Absentee president Muhammadu Buhari, who disappeared from sight on May 7, showed up on Sunday in London, after 77 days to meet a delegation of governors, a minister (and former governor), and the chairman of his party.
It is not quite clear what the criteria was for selecting this devious delegation, but criminality must have featured highly on the list. Buhari’s wife, Aisha, wrote on Facebook a few weeks ago, in reference to the skulduggery behind the scenes in anticipation of her husband’s failure to recover from the unknown illness that has kept him off work for so long: “The hyenas and the jackals will soon be sent out of the kingdom”.
It appears it was the jackasses that were sent to go and see Buhari. Among them was Nasty Nasir El-Rufai, the governor of Kaduna State. If rumours are to be believed, the two-faced titch was probably there to assess for himself how long Buhari had to live. He is reportedly among those positioning themselves to replace Buhari in the 2019 (s)election. The alleged plan is for him to be appointed vice president, if the incumbent – Yemi Osinbajo – is elevated to top spot when it is established that Buhari can no longer continue.
For El-Rufai to be a current governor and have his eyes on the highest office in the land shows how failed the Nigerian state is. Here is a man that a Senate committee declared “is not a fit and proper person to hold office in a democratic setting” because he couldn’t account for 32bn naira missing from the coffers of the Federal Capital Territory where he was a minister from 2003 to 2007.
As if that were not enough to disqualify him from high office, El-Rufai, since becoming Kaduna State governor in 2015, has virtually looked the other way as Fulani herdsmen massacred thousands of people in the southern part of his state. People from that area widely believe he is biased in favour of the herdsmen as he is Fulani too. His actions and comments do not help dispel that notion.
Next in the delegation of deceit is Rochas Okorocha, an alleged former 4.1.9 (named after the section in the Nigerian criminal code for obtaining money through false pretenses)who became governor of Imo State in 2011. He has since proceeded to not only loot the bulk of his state’s allocations from the federal purse, but borrow billions of naira and divert it for his and his family’s benefit. His misrule in the state has been tagged a “familiocracy” by comedian Uche Ogbuagu.

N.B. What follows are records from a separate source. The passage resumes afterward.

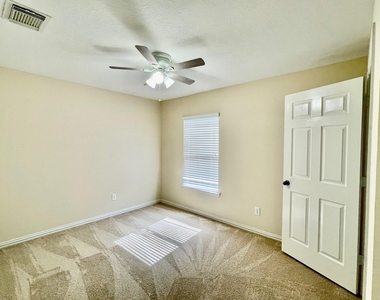 823 Aqua Vista - Photo Thumbnail 24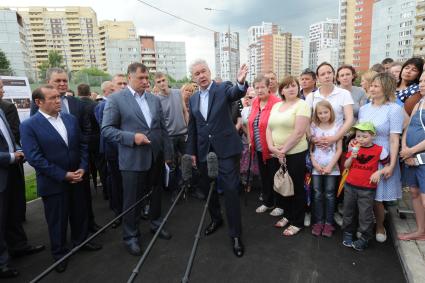 Заместитель мэра Москвы по вопросам жилищно-коммунального хозяйства и благоустройства Петр Бирюков, заместитель мэра Москвы по вопросам градостроительной политики и строительства Марат Хуснуллин и мэр Москвы Сергей Собянин (слева направо) во время открытия новых транспортных и социальных объектов в Новой Москве.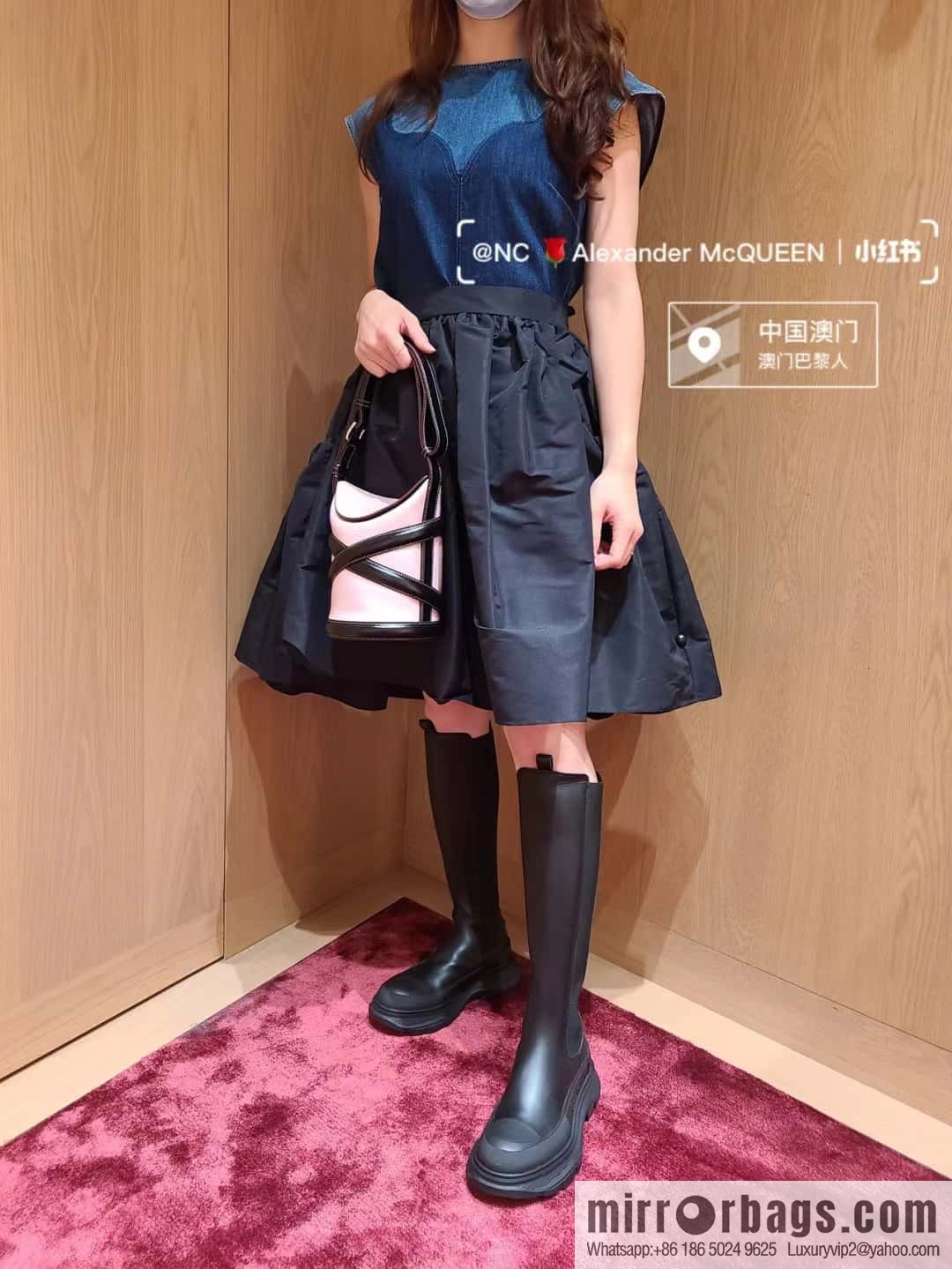 Alexander McQueen Alexander McQueen, thick-soled glossy knight boots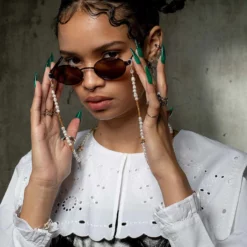 SS22 New In DIVINE. Barbed Wire & Ivory Pearl Sunglasses Chain - Gold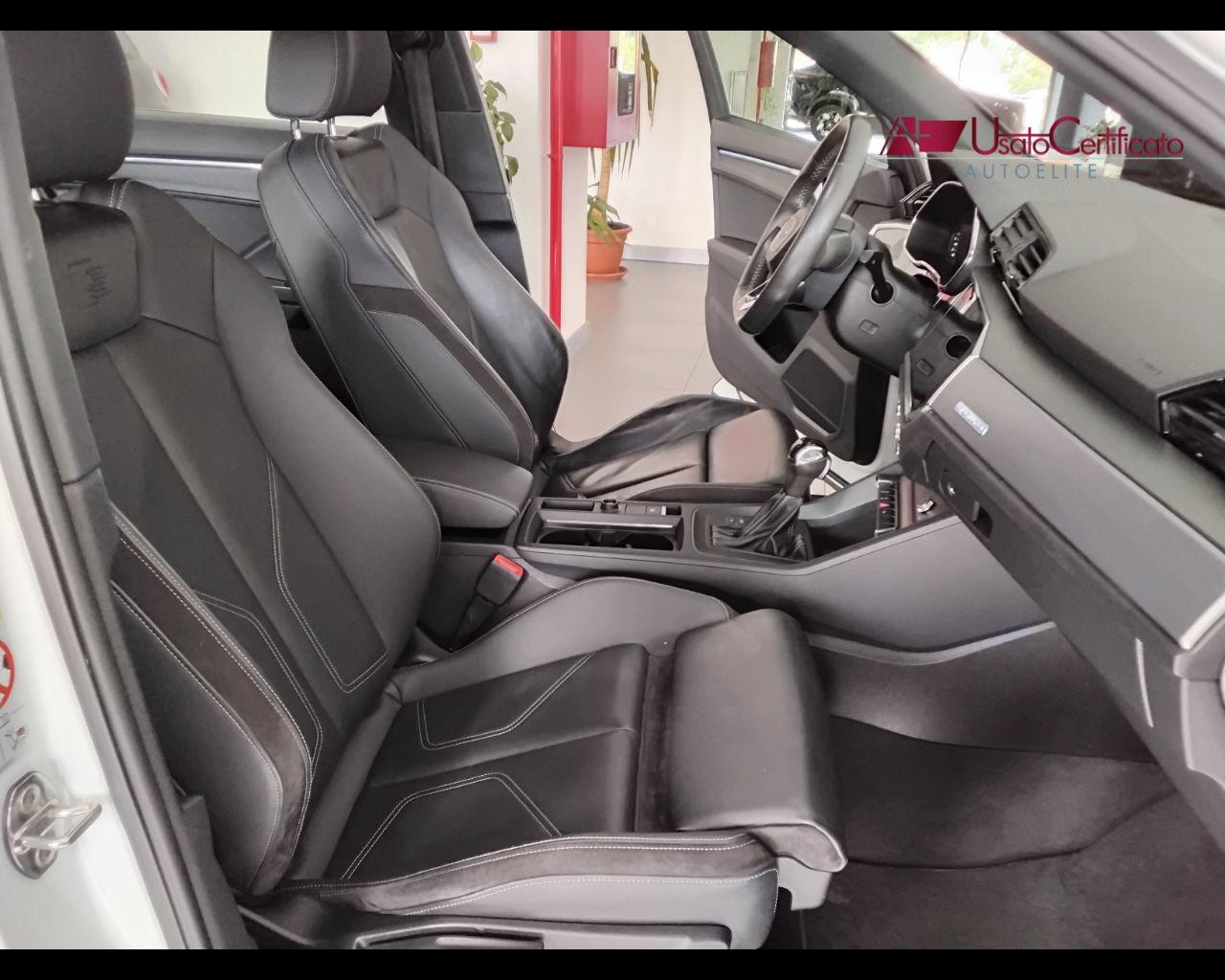 AUDI Q3 40 TDI quattro S tronic Business Advanced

Buhari came to power two years ago claiming to fight corruption, but he was accused of hypocrisy earlier this year by a senator from his own party, Shehu Sani, who said corruption by opponents was treated with disinfectant, while when it was from allies, the president used a deodorant. With El-Rufai and Okorocha joined at the meeting table with another “fantastically corrupt” ally – the former governor of Rivers State and current transport minister – Rotimi Amaechi, Buhari would have needed extra strong deodorant to cope with the stench of corruption in the room. There are multiple petitions against Amaechi with the Economic and Financial Crimes Commission covering his eight years as governor. No further action is being taken because Amaechi reportedly bankrolled the bulk of Buhari’s presidential campaign. He is an untouchable right now – at least as long as Buhari remains president. Perhaps Amaechi’s interest in Buhari’s health was in relation to his own freedom from prosecution.
Others from Looters Inc adding to the stench of corruption in the room included the Kogi State governor Yahaya Bello, who since assuming office in controversial circumstances allegedly involving bribing the judiciary in January last year, has become a byword for corruption. He has already been pelted with stones and fruits amid chants of “ole” (“thief) in public outings in his state in his short tenure in office. Bello shares with Buhari a distrust for Nigerian healthcare (that they are both responsible for improving). The governor had eye surgery in Germany in September.
Also in this list of the coalition of the corrupt is governor Tanko Al-Makura of Nassarawa State. In 2014 about 20 members of the state’s House of Assembly drew up a list of 16 charges of official misconduct against Al-Makura, which included misappropriation of funds.
Lurking among the gangsters was John Oyegun, the chairman of their party, the All Progressives Congress (APC). He was alleged to have taken bribes from some party bigwigs to ensure a favourable result during the APC’s Ondo State governorship primaries.
Buhari’s doctors must have been wondering whether exposing their patient to a combination of the pungent whiff of corruption and an overwhelming smell of deodorant needed to neutralize it, would harm his prospects of recovery.